Parents fleeing drought-stricken Somalia are abandoning their children at the world's largest refugee camp, Save the Childen has warned.
There are currently around 400,000 people in Dadaab in northeast Kenya, with around 1,300 more arriving every day, of which 800 are children.
Save the Childen said the number of unaccompanied children arriving from Somalia has increased four-fold and a small number of babies have been abandoned by their parents after arriving at the camps.
In July, the charity helped 80 separated and unaccompanied children who arrived at the camp from Somalia, up from a monthly average of 22 in 2010.
Dadaab is a collection of three camps; Ifo, Hagadera and Dagahaley, approximately 50 miles from the Kenya/Somali border.
A spokeswoman said it is not clear why the babies were left, but staff say it is likely to be as a result of the desperation felt by parents who have often walked for weeks without food, water or shelter to reach the camps.
The charity has placed record numbers of unaccompanied children with foster families in recent months.
There are reports of some children being found by the roadside and incidents of mothers fleeing the camp at night without their babies.
Prasant Naik, Save the Children's Kenya country director, said: "We can only imagine the levels of desperation driving parents to abandon tiny babies in this way.
"After walking from Somalia without food and water, it is clear that some parents feel that they cannot care for their children any more, despite having reached help.

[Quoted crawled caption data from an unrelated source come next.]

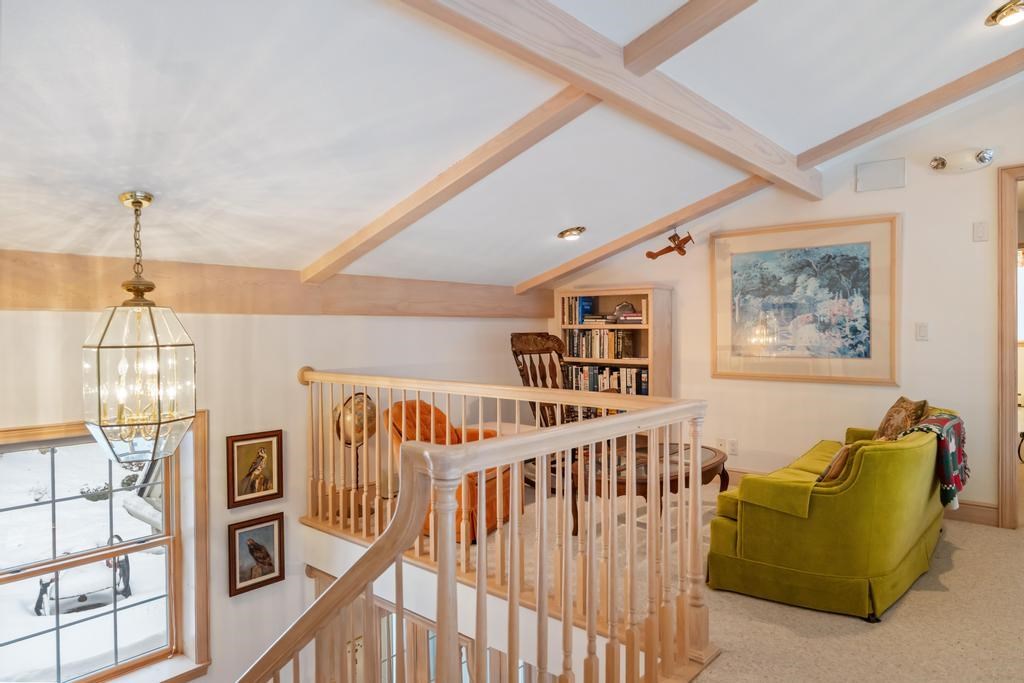 1022 Ridgeline Drive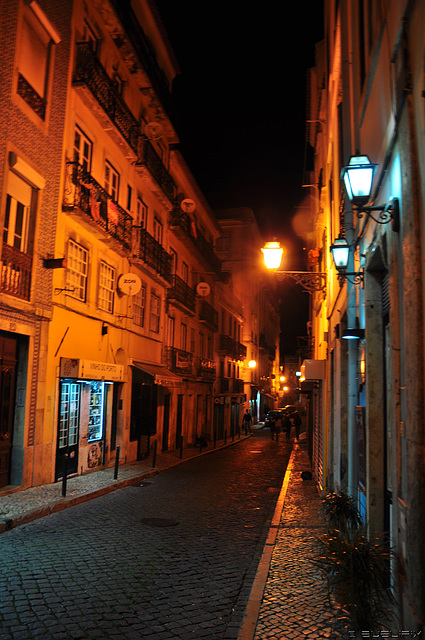 Alfama - Rua dos Remedios (© Buelipix)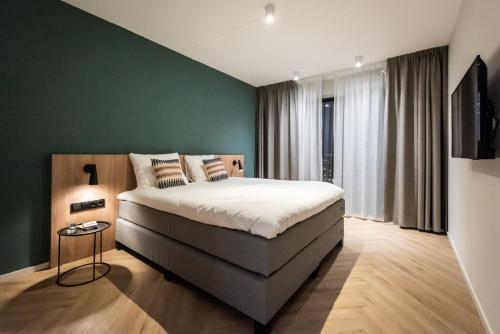 阿姆斯特丹Numa Amsterdam Docklands的一间卧室设有一张床和绿色的墙壁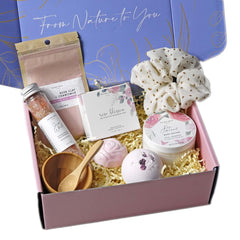 Natural Amor Los Angeles Rose Spa Gift Set soap bar for moisturized skin after bath.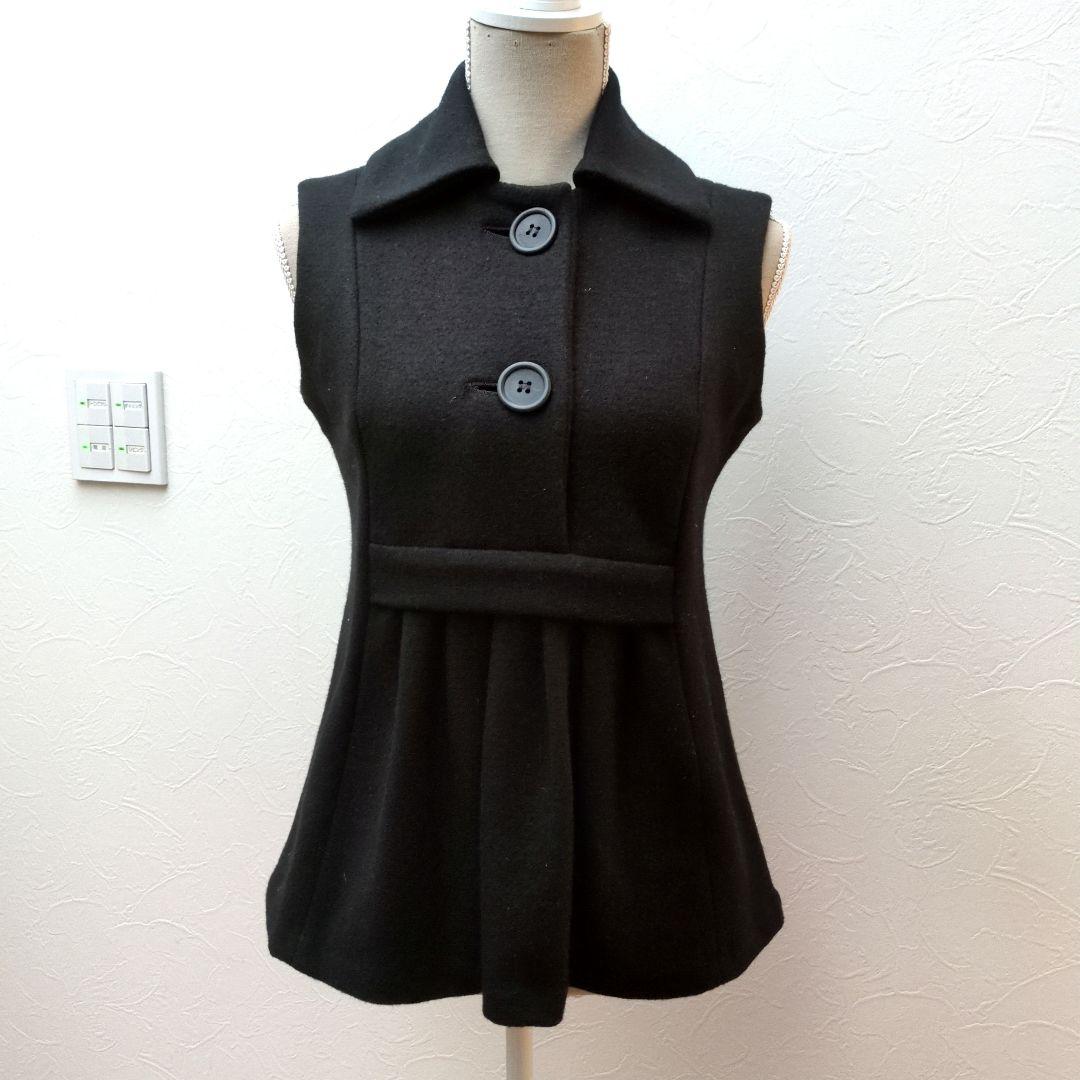 亘　エーティー A/T　レディースベスト　ブラック　毛100％　サイズＦ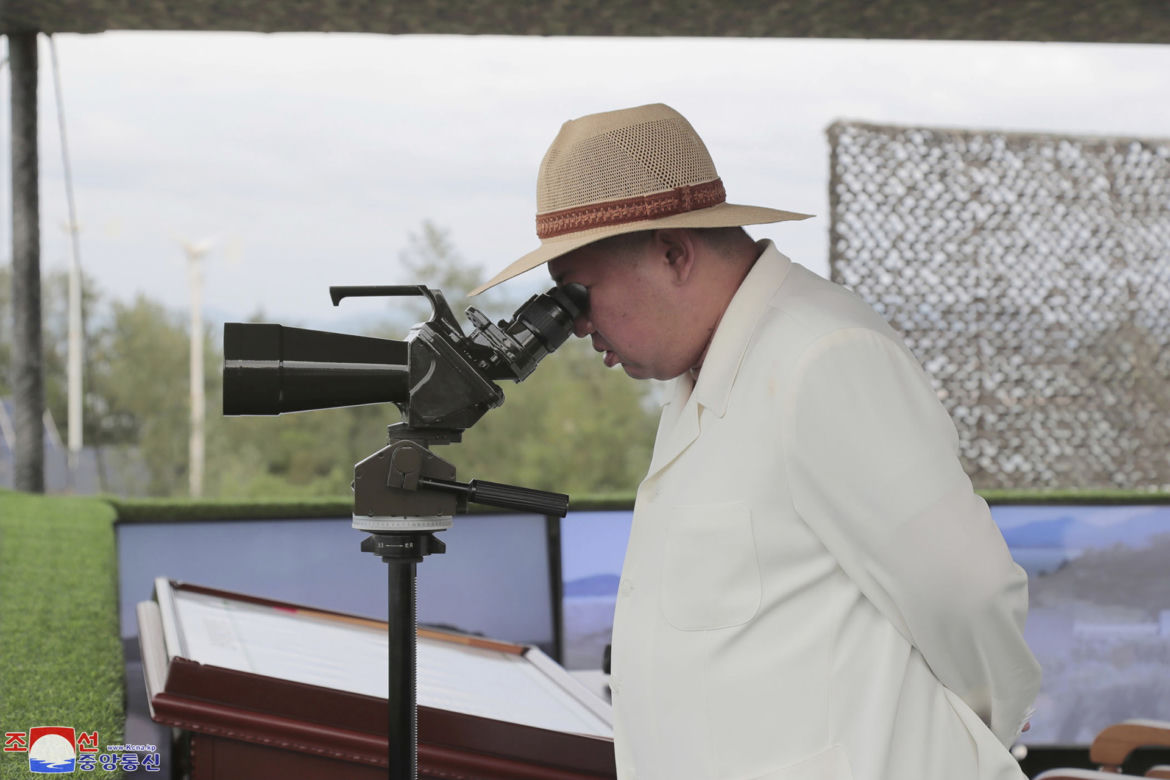  Kim Dzong Un zmienia stylówkę! Drwinom nie ma końca. "Jak influenserka na wakacjach"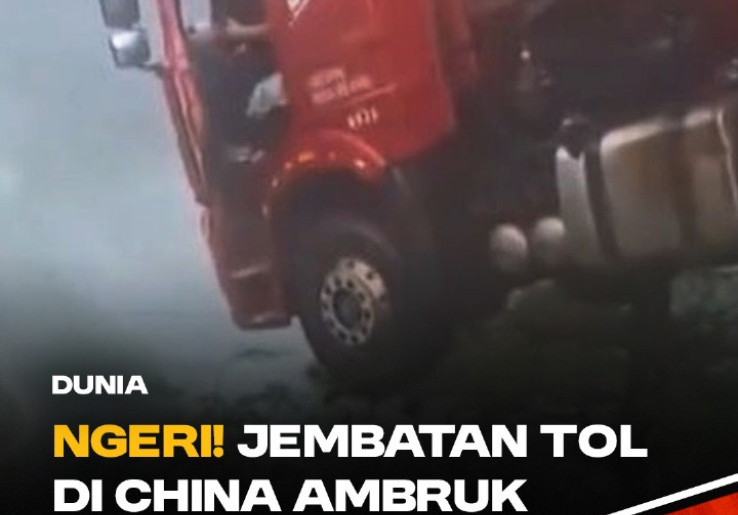 Ngeri! Supir Truk Nyaris Jatuh dari Jembatan Tol di China Akibat Longsor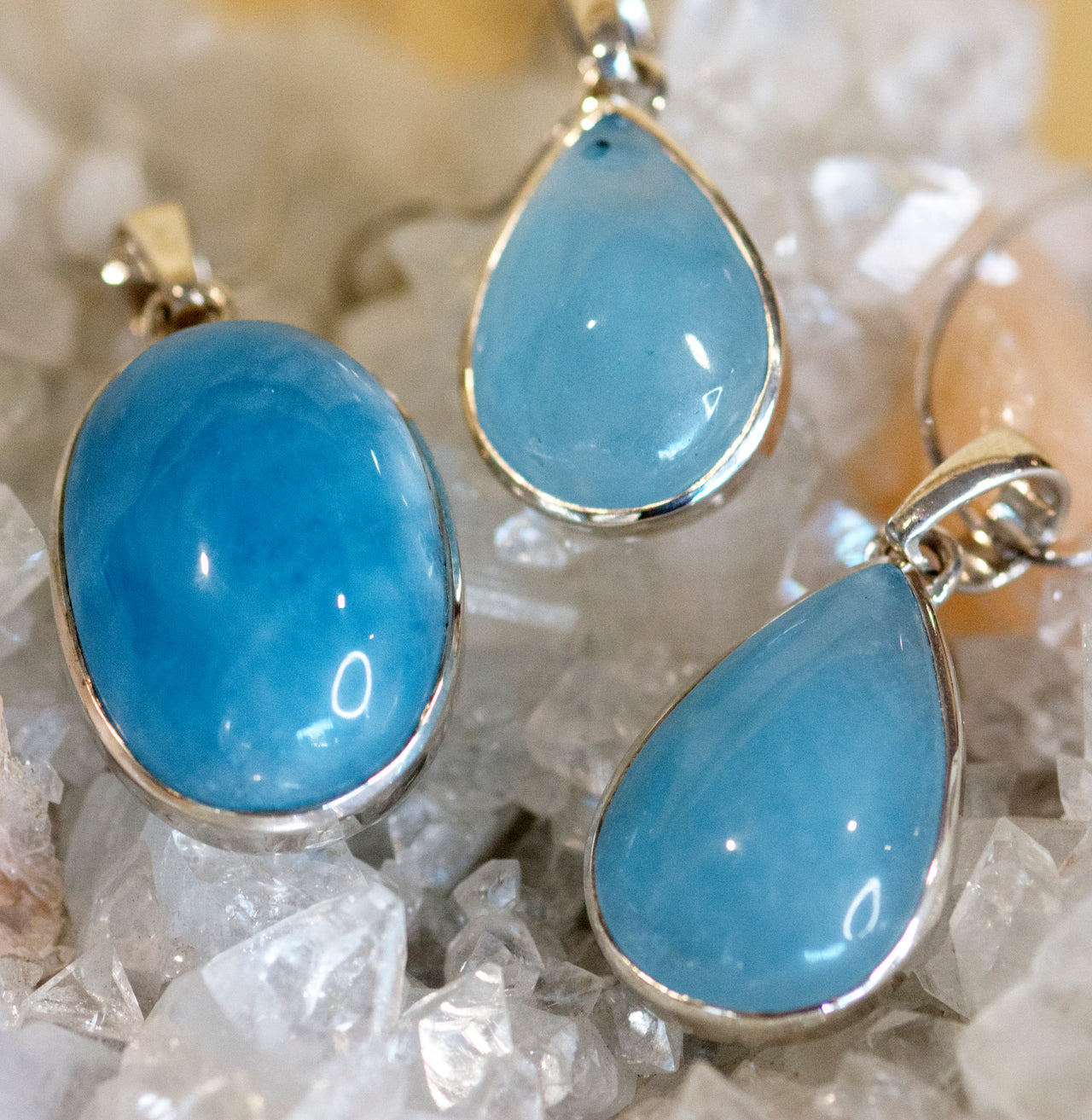 AQUAMARINE PENDANT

"Meanwhile, we know that some parents are sending their children to Dadaab alone, and other families are being split up as they make the journey.
"There could be no starker indication of how dire the situation for people caught up in this crisis has become."
Save the Children is appealing for £64m for its drought response in East Africa.
The charity is working across Kenya, Somalia and Ethiopia, providing food, water and medical care to children and their families, and protecting vulnerable children living in drought affected areas.